Closed WindowsNT closed 2 years ago

WindowsNT commented 2 years ago

I'ts better to ensure portability by converting all files to C++ and avoid variable-size arrays. That way it will also compile with Visual Studio.

petterreinholdtsen commented 2 years ago

[Michael Chourdakis]

I'ts better to ensure portability by converting all files to C++ and avoid variable-size arrays. That way it will also compile with Visual Studio.

How will converting to C++ ensure portability? Did C++ compilers reach binary compatibility and stability recently?

-- Happy hacking Petter Reinholdtsen

rillian commented 2 years ago

I'm sure they mean portability to MSVC.

Replacing variable-length array declarations with dynamic allocations would be a simpler resolution. That still adds portability concerns for some very constrained targets, but it looks like we already have some allocator calls.

@WindowsNT Can you offer a list of the source locations which are failing to compile for you?

WindowsNT commented 2 years ago

Variable size arrays are not standard. std::vector is. I have already converted everything to std::vector, just giving a hint to make this work for windows as well.

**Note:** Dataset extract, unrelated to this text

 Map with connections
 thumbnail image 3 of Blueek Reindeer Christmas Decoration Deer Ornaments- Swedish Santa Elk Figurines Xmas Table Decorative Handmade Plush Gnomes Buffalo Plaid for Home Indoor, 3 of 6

rillian commented 2 years ago

I'm not the maintainer, but we're unlikely to convert the project to C++ to work around Visual Studio's incomplete C99 support.

jmvalin commented 2 years ago

RNNoise is C99. std::vector is not standard C. Also, it performs dynamic allocation, which is bad for real-time processing. The correct solution is to do what Opus does, which is have other fallbacks: either alloca() or offsets into a (non-threadsafe) large global array.